I have lived with mimosa for many years without any signs of invasiveness from Alabama to Oklahoma. I daily roam quite far afield examining flora, fauna, and water creatures always keeping an eye for useful or invasive species.
There is currently 3 mimosa within sight of my house that have shown no signs of invasiveness. The largest is about 15 years old, I tried to collect seed from the plant but close examination shows 95% damage due to a tiny larvae that bores into the pods. The rest don't sprout, I couldn't even get any to germinate in paper towels. I am trying to study the larvae with amateur equipment, I'm afraid.
So I dug up a rare small volunteer and planted it in my yard alongside a native mulberry with the constraint that the first one to five feet could remain.
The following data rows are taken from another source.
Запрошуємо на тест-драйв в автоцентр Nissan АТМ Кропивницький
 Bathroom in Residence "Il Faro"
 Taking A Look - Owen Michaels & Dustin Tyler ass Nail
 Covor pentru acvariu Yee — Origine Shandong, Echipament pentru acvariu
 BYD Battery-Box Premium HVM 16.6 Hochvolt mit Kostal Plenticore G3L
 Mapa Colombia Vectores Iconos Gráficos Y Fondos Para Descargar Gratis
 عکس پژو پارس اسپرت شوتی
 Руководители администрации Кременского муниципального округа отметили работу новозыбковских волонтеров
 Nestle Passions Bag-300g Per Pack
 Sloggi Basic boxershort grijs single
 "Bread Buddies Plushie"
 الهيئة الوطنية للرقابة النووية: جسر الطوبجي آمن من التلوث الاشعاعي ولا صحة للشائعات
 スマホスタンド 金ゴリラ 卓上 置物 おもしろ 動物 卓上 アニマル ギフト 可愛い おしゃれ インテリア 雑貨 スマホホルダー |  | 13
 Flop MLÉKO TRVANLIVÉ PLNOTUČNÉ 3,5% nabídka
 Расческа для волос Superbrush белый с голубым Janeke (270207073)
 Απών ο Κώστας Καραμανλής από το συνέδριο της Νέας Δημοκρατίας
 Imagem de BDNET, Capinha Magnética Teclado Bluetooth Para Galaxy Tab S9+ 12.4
I had to cut the mimosa. I just needed something to cover my propane tank and the size and habit of mimosa makes it the preferred plant, constraints aside,
It's my grandmother's fault, way back in Daviston, Alabama who had one when I was a boy. I'm still looking for another one.
One thing I don't see in the comments is about the roots. My neighbor has a mimosa that grows close to the fence dividing us. I can't plant anything on my side of the fence close because the roots of the mimosa are so invasive they choke out my plants. If I dig, I find a mass of hair-like roots crowding out my plants. Personally this the killer for me. I have a great dislike for this tree.